FIG. 2 is a neural parameter diagram of a convolutional neural network of the automatic movie topic generation method based on multi-modal features.

Detailed Description

The invention provides a method for automatically generating film and television topics based on multi-modal characteristics, which utilizes a convolutional neural network to learn film and television posters to achieve the purpose of unifying visual styles, combines a graphic feature vector, a text feature vector and a word feature vector to generate the film and television topics through an unsupervised clustering algorithm to improve the association degree of the film and television topics, and comprises the following steps:

In particular, as shown in figure 1.

Movie graphics characteristic vector: the method comprises the steps of firstly downloading an original movie poster from an open source website, preprocessing the movie poster into a square size with the size of 224 x 224 to obtain a standard poster, then importing the standard poster into a convolutional neural network, wherein the convolutional neural network comprises 13 convolutional layers and 3 fully-connected layers, and convolutional layer network neuron parameters are shown in figure 2 to obtain a movie graphic characteristic vector.
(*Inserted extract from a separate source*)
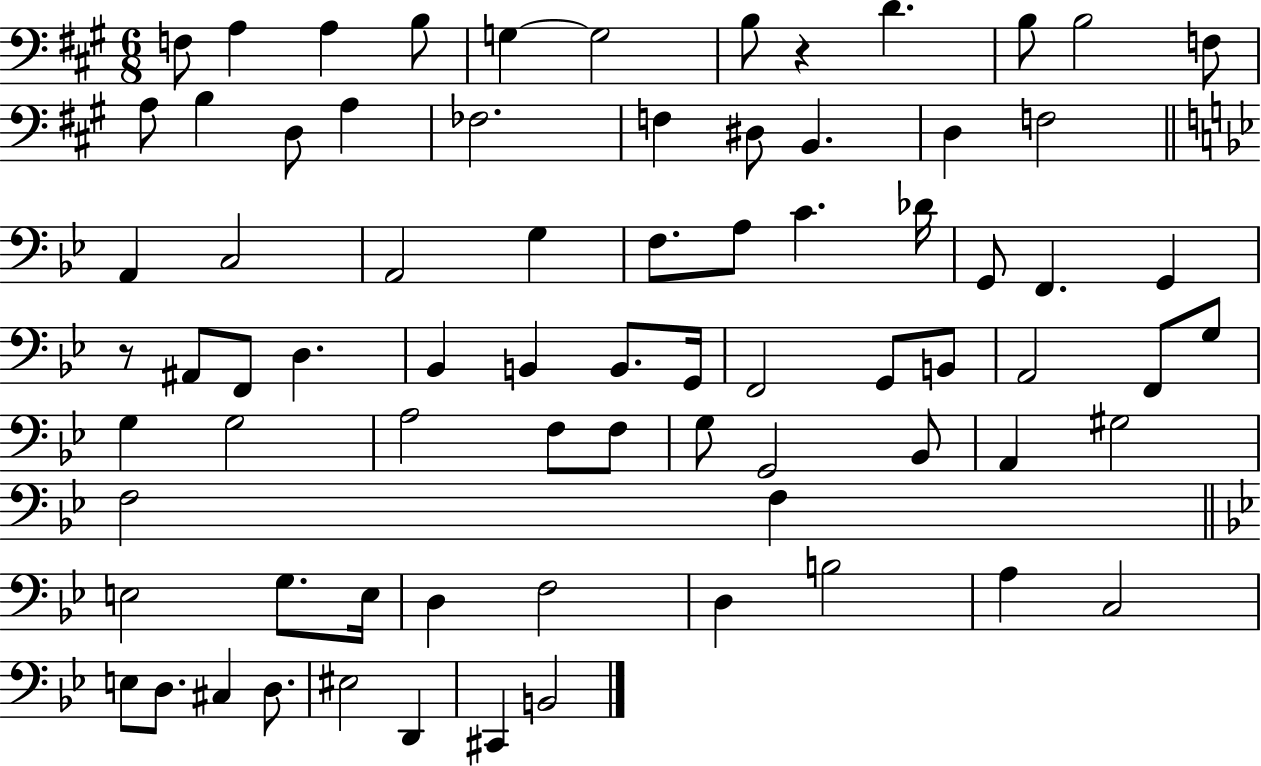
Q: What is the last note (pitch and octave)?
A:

Movie text characteristic vector: the movie text information comprises a name, a brief introduction, a subject, a comment, a year, a region, a director, an actor and the like, the name, the brief introduction and the comment text information are subjected to word segmentation to extract keywords, a complete movie text keyword dictionary base is generated by combining the subject, the region, the director and the actor, the anti-document frequency idf of each word in the dictionary base is calculated, then an 0/1 vector of the movie is generated by using one-hot coding through the keywords in the movie text information, and a weighted text characteristic vector is generated by combining tf-idf weights of the keywords in the movie text information to obtain a movie text characteristic vector.
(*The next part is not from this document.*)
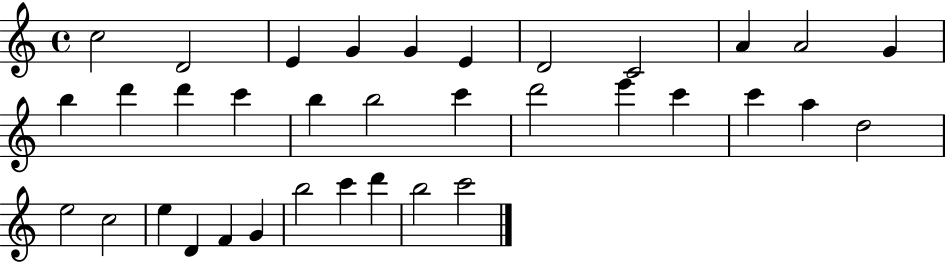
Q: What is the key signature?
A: C major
Movie word feature vector: the user behaviors comprise user browsing, user searching, user watching and the like, firstly, the behaviors of a user in a continuous conversation period are constructed into a continuous array, movie objects of each behavior are represented by unique IDs of the behaviors, a section of text corpora separated by blank spaces is generated, users with the IDs less than 10 in the corpora are filtered, the text corpora of the user behaviors meeting conditions are integrated to generate word2vec word vector model training samples, a word vector model is established, and word vector models are trained by utilizing skip-grams to generate word feature vectors of each movie.
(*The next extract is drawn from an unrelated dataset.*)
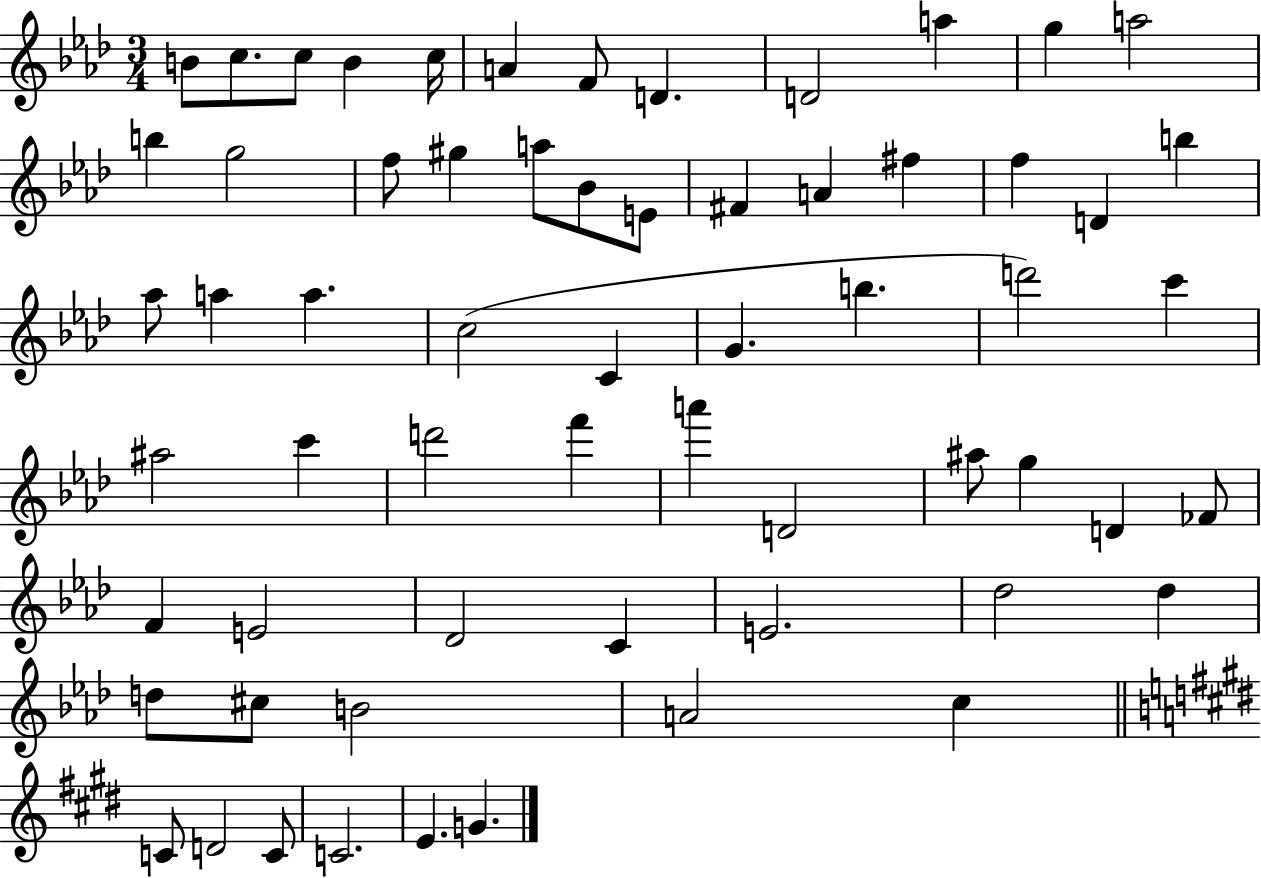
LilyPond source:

And splicing the image feature vectors, the text feature vectors and the word feature vectors to generate multi-mode movie vectors, and performing clustering analysis by using a K-Means algorithm to obtain movie titles with multi-mode features.

Claims

1. The method for automatically generating the film and television special topic based on the multi-modal characteristics is characterized by comprising the following steps of:

2. The method of claim 1, wherein in step S02, the text information of the movie comprises name, introduction, subject, comment, year, region, director and actor.

3. The method for automatically generating a movie theme based on multi-modal features according to claim 1, wherein in step S03, the user behavior comprises a continuous movie browsing behavior, a movie searching behavior and a watching behavior.

4. The method for automatically generating a movie theme based on multi-modal features according to claim 1, wherein in step S04, the unsupervised clustering algorithm is a K-Means algorithm.